Tony Hinnigan is a man in demand for his musical talent. An accomplished cellist, he is also a renowned expert on indigenous Andean wind instruments amongst his plethora of talents. Since 1985, he's been sought by a host of heavyweight film soundtrack composers such as James Horner, Michael Nyman, John Williams and Ennio Morricone for his versatility in style and expertise. It was his penny whistle that accompanied Celine Dion on her massive hit single, My Heart Will Go On, from the blockbuster film, Titanic. His panpipes were the backbone of the haunting and evocative sound from The Mission and his soulful flute and whistle melodies stirred the senses in the action-packed Braveheart, just to name a few.
For Tony Hinnigan, born in Glasgow in the late Fifties, it really began to happen in 1972 when he and Mike Taylor arrived in London, from Scotland and Belfast respectively. They took time off from their classical studies at the Guildhall School of Music and the Royal College of Music to explore their mutual interest in a wide variety of music. In 1981 they were commissioned by the Ballet Rambert and Christopher Bruce to write some Andean music for a show they were to perform, called Ghost Dances. When it came to researching the sound, both Taylor and Hinnigan were hooked. As Hinnigan explains, "It was like nothing we'd heard before. It was like hearing R&B for the first time, so great was the impact. We went for it full throttle." The two were attracted to all acoustic instruments and became proficient players of the panpipes, flutes and Andean percussion and a recording contract was offered by the Beggar's Banquet label before the band had even been named! "We were playing around with the word Inca and wanted to get a pun on that," recalls Hinnigan. "Someone suggested Stinca, but we rejected that. Incantation was more acceptable."
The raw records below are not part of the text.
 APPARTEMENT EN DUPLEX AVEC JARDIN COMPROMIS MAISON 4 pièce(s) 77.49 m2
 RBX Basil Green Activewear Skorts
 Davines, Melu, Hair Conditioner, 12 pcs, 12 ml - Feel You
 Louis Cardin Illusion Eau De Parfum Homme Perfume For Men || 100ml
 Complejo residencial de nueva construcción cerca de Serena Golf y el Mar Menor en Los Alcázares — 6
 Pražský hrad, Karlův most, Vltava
In 1982 and now known to all as Incantation , they quickly came to prominence both at home and abroad with the joint release of their debut album, On The Wing of A Condor (or variously known as Cacharpaya or Panpies of The Andes) and single, Cacharpaya, an Andean festival tune, in October of that year. Perhaps suprisingly for an instrumental outfit, the single reached twelfth spot in the charts while the album, with memorable tunes like Dolencias, Papel De Plata and Friends of The Andes, made the UK Top Ten and stayed in the charts for over six months, selling in excess of 300,000 copies. It was a stunning start for the band line-up of Simon Rogers, Chris Swithinbank and Forbes Henderson alongside the gifted and classically-trained duo of Taylor and Hinnigan, who've since gone on to have three gold albums since their debut.
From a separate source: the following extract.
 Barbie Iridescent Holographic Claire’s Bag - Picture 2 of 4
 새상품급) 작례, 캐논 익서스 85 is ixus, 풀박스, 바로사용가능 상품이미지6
They followed their initial success with subsequent album releases of mainly Andean and Latin American compositions - Dance of The Flames (1983) which included El Condor Pasa, Cutimuy and Atahuallpa, Virgins of The Sun (1984), Panpipes of The Andes - The Best of Incantation (1986) and the more diverse The Meeting (1987), interspersing their studio work with regular live performances and extending their repertoire into television and film-work.
Of the latter, their first foray into the world of film soundtracks took place in 1985 and the music from The Mission, a film set in the rainforests of South America and directed by Roland Joffe. The superb film score was penned by the Italian master Ennio Morricone and tracks like Gabriel's Oboe and On Earth As It Is In Heaven were brought to life by the vivid and imaginative instrumentation of Incantation and the excellent orchestration of the London Philharmonic. It was later to attract an Oscar nomination for its soundtrack while collecting Golden Globe and BAFTA awards and best score at the Cannes film festival. The initial contact with Ennio Morricone came out of the blue when the film's production company, Goldcrest Films rang and asked founder members Taylor and Hinnigan to go and meet him. As Taylor recalls, "Tony and myself did all the Indian instrumentation on The Mission as the South American members of the band at the time didn't read music. They were involved only in some percussion work. It took two days - some time with the orchestra, the rest of the time overdubbing. Mr Morricone had me hitting the bombo (large drum) so hard and for so long - my fingers bled!"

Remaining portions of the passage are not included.